As slide continues, Arrieta insists he’s not done: ‘I still have a lot left in the tank’

11 months agoTony Andracki

As Jake Arrieta walked off the mound in the top of the 2nd inning Tuesday night, boos rained down from Wrigley Field as the crowd of 30,095 Cubs fans openly voiced their displeasure.

Just three months earlier, the same fanbase gave Arrieta a roaring ovation as he led the Cubs to their first victory of the season against the Pirates on April 3.

When Arrieta re-signed with the Cubs over the winter, it was a nostalgic move for the franchise and fanbase but it was also a noteworthy addition for a team still filling out its rotation.

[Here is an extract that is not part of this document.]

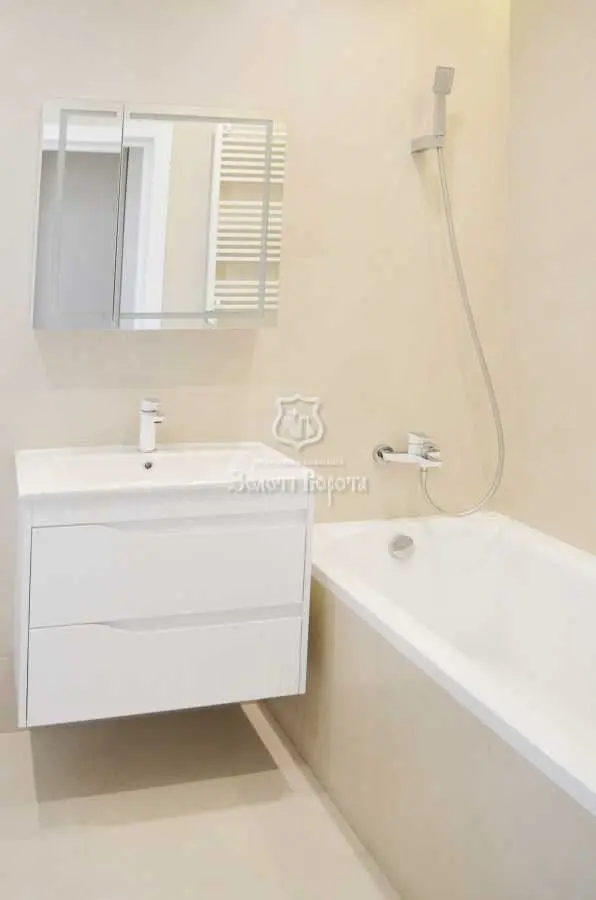 Фото Selling a 1-room apartment, 46.2 sq.m., Andriia Bachynskoho Street  Uzhhorod, price: 86000 USD, code 5174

Things haven’t quite worked out the way Arrieta or the Cubs have hoped.

He was unable to finish the 2nd inning Tuesday night, surrendering 7 runs as the Cubs dropped their 11th straight game, 15-10.

Phillies leadoff hitter Jean Segura sent Arrieta’s first pitch of the evening into the left field corner for a double. After a hit-by-pitch and a single, Andrew McCutchen deposited an Arrieta offering into the center field bleachers for a grand slam and the Phillies were up 4-0 in a snap of a finger.

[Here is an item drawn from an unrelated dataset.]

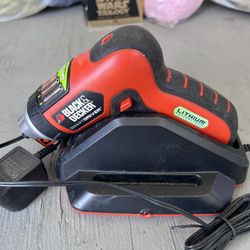 BLACK+DECKER 4V MAX Cordless Screwdriver with Screw Holder, SmartSelect (LI4000)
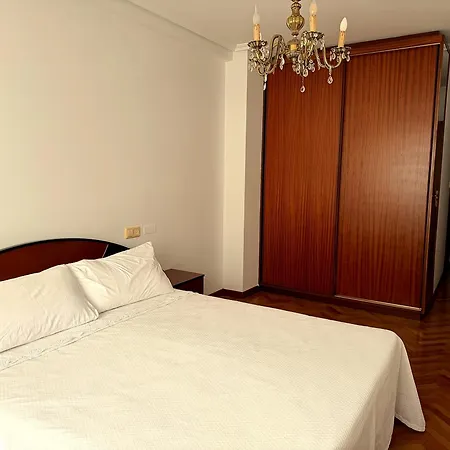 Apartamento Muy Grande En *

In the 2nd inning, Arrieta gave up 3 hits, a pair of walks and 3 more runs before manager David Ross came out to make a pitching change. It was the second straight outing in which Arrieta was unable to finish the 2nd inning.

The 35-year-old veteran was the anchor of the Cubs starting rotation in April, posting a 2.57 ERA and 1.18 WHIP over his first 5 starts.

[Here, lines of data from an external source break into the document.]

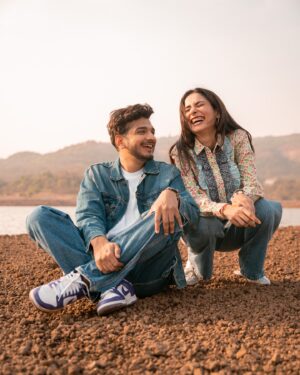 Aneri Vajani Instagram - Kuch Yaadein💫❤️ 
Thankyou for all the love !🧿♥️💫 
 
 
 
#anerivajane #SuyyashRai #munwarfaruqui #kuchyaadein #gratitude #newsong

Then he dealt with a cut on the thumb of his pitching hand during his April 30 start in Cincinnati and wound up on the injured list for two weeks. His first start back was solid but since then, he has an 8.51 ERA and 2.05 WHIP in 10 outings.

When asked if this is the twilight of his career, the 35-year-old starter passionately delivered an opposing stance.

“No, not even close,” Arrieta said. “This sucks. Really, it does. But I’m not gonna hang my head. I’m gonna continue to work. I’m gonna do whatever needs to be done. The stuff is too good. I still have a lot left in the tank, there’s no question about that.

“The stuff plays, the execution’s not there — it hasn’t been for a while. But I’ve been in similar situations in my career. I’ve been in worse situations than this.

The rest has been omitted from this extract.